The one hiccup along the way came when Colman, after maturing into one of the best amateur jockeys in the country, and already a Foxhunters winner on the Paul Nicholls-trained Sleeping Night in 2005, suffered a bad fall in 2010 that threatened to end his riding career.

He kept failing concussion tests, and his life looked to be taking another direction. His weight soared and he started doing a computer science degree.

But Rodger wasn’t going to allow his son settle on that – “You’ll have to least come back to ride one winner. You can’t let your last ride be a faller.”


So the weight was dropped, the riding began again early last year, and the fairytale really did come true.

“Most trainers, with a lot more horses than me, might go a lifetime without getting a good one, so I know how lucky I am,” Rodger has said with the perspective of one who has learned well.

“My father has been highly successful in business, highly successful with the dogs, and you’d have to say highly successful with horses as well. Sometimes I think he could train turtles!” Colman laughs.

“It’s a joint-effort between us. We have only 14 horses riding out here but we have a few for the flat, a few over jumps, some pointers, and then there’s Salsify,” he adds. “Basically we feed them hard, train them hard and if they stand up to it – great.”

From coming to the game cold, the father-son team are now respected members of a point-to-point community that continues to be the cradle of National Hunt racing.

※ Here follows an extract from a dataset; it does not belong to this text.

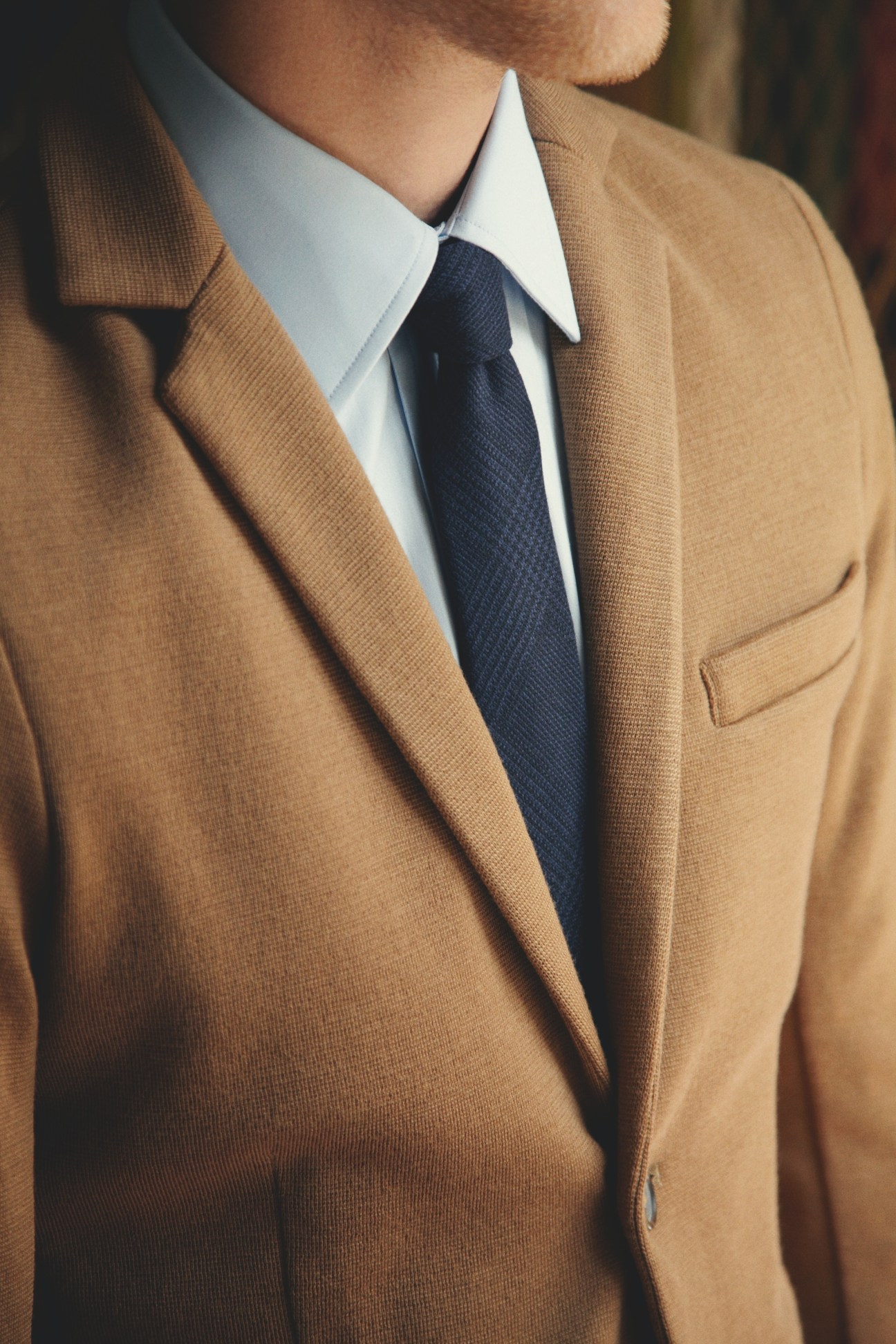 Close-up of a camel-colored blazer worn with a white dress shirt and navy tie.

Sweeney rode Denman to his first outing in public. He’s seen other stars emerge between the flags since.

French horses

“French horses have been all the rage for the last few years but pointers have done as well as them – Denman, Finian’s Rainbow, Flemenstar, Sizing Europe, they’ve all won points. And they do tend to last longer than the French horses.

“It’s all gone very professional now. There was a time when you could get a horse 80 per cent fit, and that 20 per cent class would see him win, and then they’d get sold on. But you can’t get away with that now,” he says.

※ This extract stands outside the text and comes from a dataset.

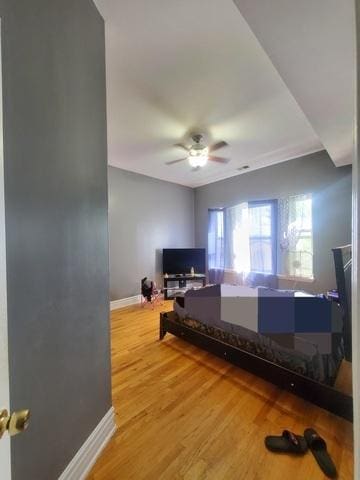 bedroom with ceiling fan, baseboards, and wood finished floors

Salsify’s aim all season has been a return to the scene of his greatest triumph and his rider is confident of a bold show, especially on better ground.

Victory would make Sweeney the first to win the Foxhunters three times.

“The one aim has been Cheltenham. Even when he won at Leopardstown the last day he wasn’t fully squeezed up. And before that at Down Royal the ground was very heavy and he pulled a shoe off six out,” Sweeney says.

“But he is doing really well now and we want him spot on for Cheltenham again. He was great last year. But he’s like my father that way. You notice how good horses like Salsify have that same sort of thing in them. They just go away and do it,” he adds.

That’s the thing with families: maddening sometimes; but who else would you rather spend the great days with.